The Student Room Group

Predicted grades and GCSE grades questions

How do admission officers determine how optimistic each school is with their prediction. I heard that schools are required to provide records of your school report, on my report i am achieving A*A*A*A (prediction 4A*), will this look better than achieving lower but the same prediction?

Also, my previous school has not released the GCSE results from the year I took them, will they be required to release them or do i need to send an email to request them? (As oxbridge look at your gcse results in relation to your pre-16 school)

Reply 1

Original post by MalarckyS2
How do admission officers determine how optimistic each school is with their prediction. I heard that schools are required to provide records of your school report, on my report i am achieving A*A*A*A (prediction 4A*), will this look better than achieving lower but the same prediction?
Also, my previous school has not released the GCSE results from the year I took them, will they be required to release them or do i need to send an email to request them? (As oxbridge look at your gcse results in relation to your pre-16 school)

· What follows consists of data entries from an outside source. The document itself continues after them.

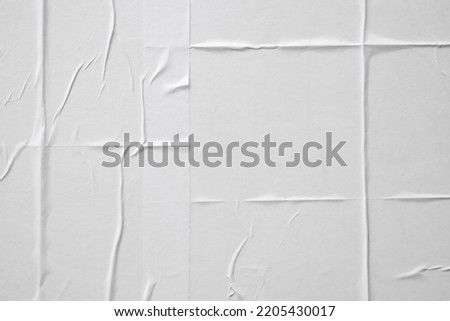white crumpled and creased paper poster texture background Royalty-Free Stock Photo #2205430017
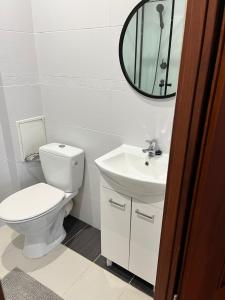 een badkamer met een toilet, een wastafel en een spiegel bij Apartament Podskarbińska in Warschau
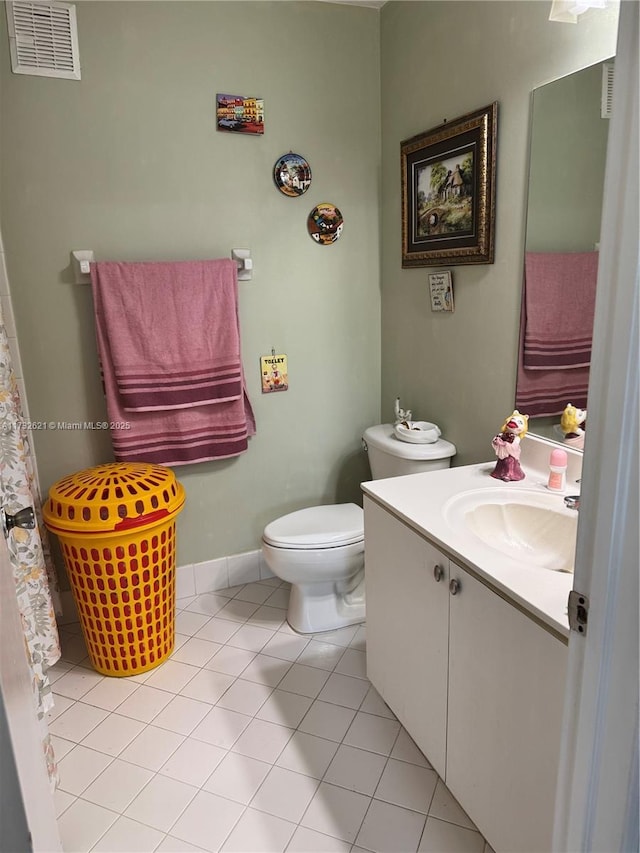 bathroom featuring vanity, tile patterned floors, and toilet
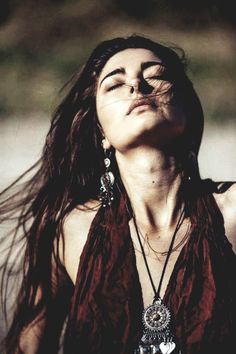 a woman with her eyes closed wearing earrings and a brown top is looking up at the sky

When did you do your GCSEs? Did they not release them on results day like everyone else?

"will this look better than achieving lower but the same prediction?" I'm not entirely sure what this means but once you get your conditional offer the university doesn't care what grades you get as long as it's enough to meet the requirements on your offer.

"admission officers determine how optimistic each school is with their prediction" They can't really, but that's why they give conditional offers to force you to meet certain grades, look at your GCSEs, and for some courses at competitive universities, do interviews and entrance exams.

Reply 2

Original post by sound-famous-
When did you do your GCSEs? Did they not release them on results day like everyone else?
"will this look better than achieving lower but the same prediction?" I'm not entirely sure what this means but once you get your conditional offer the university doesn't care what grades you get as long as it's enough to meet the requirements on your offer.
"admission officers determine how optimistic each school is with their prediction" They can't really, but that's why they give conditional offers to force you to meet certain grades, look at your GCSEs, and for some courses at competitive universities, do interviews and entrance exams.


I have my GCSE grades but I thought that oxford assesses your GCSE profile in relation to your pre-16 school (where you are compared to your year). My pre-16 school has released the GCSE stats from 2022 but not 2023

The other two questions I asked have been answered, I suppose if schools do over-predict its just harmful for the student lol

Reply 3

Original post by MalarckyS2
I have my GCSE grades but I thought that oxford assesses your GCSE profile in relation to your pre-16 school (where you are compared to your year). My pre-16 school has released the GCSE stats from 2022 but not 2023
The other two questions I asked have been answered, I suppose if schools do over-predict its just harmful for the student lol


By achieving lower i meant at school. I.e you got 70% in your mocks which is a B but school predicts an A, can unis you apply to see that and will it look worse than an 80% A grade in mocks and predicted an A

Reply 4

Universities do not look at the overall school GCSE profile when assessing your application,
They are only interested in the grades you got - not everyone else's.

Universities neither know nor care what you got in random mock exams,
All they are interested in is the actual predicted grades your school has entered for you.

Reply 5

Contextual data on school performance comes from national data released by the DfE not by looking at individual school websites.

Reply 6

Contextual data on school performance comes from national data released by the DfE not by looking at individual school websites.


What if my school isnt in the uk?

Reply 7

Then you are not eligible for a Contextual offer - and UK Unis will be even less interested in your school's previous GCSE results.

Reply 8

Original post by McGinger
Then you are not eligible for a Contextual offer - and UK Unis will be even less interested in your school's previous GCSE results.


I wasnt looking at contextual offers, i just thought that oxford/ cambridge look at grades in relation to your school’s performance, or does that not apply to me?

Reply 9

how do you think Oxford is going to know every schools performance throughout the world.

Reply 10

Original post by MalarckyS2
I wasnt looking at contextual offers, i just thought that oxford/ cambridge look at grades in relation to your school’s performance, or does that not apply to me?

You are correct that Oxford uses "cGCSE's" that relate an individual performance to the average of their school. However, for international schools, I don't think this applies as some won't do iGCSEs anyway and it would be hard to collect the data from all across the world. Hope this helps.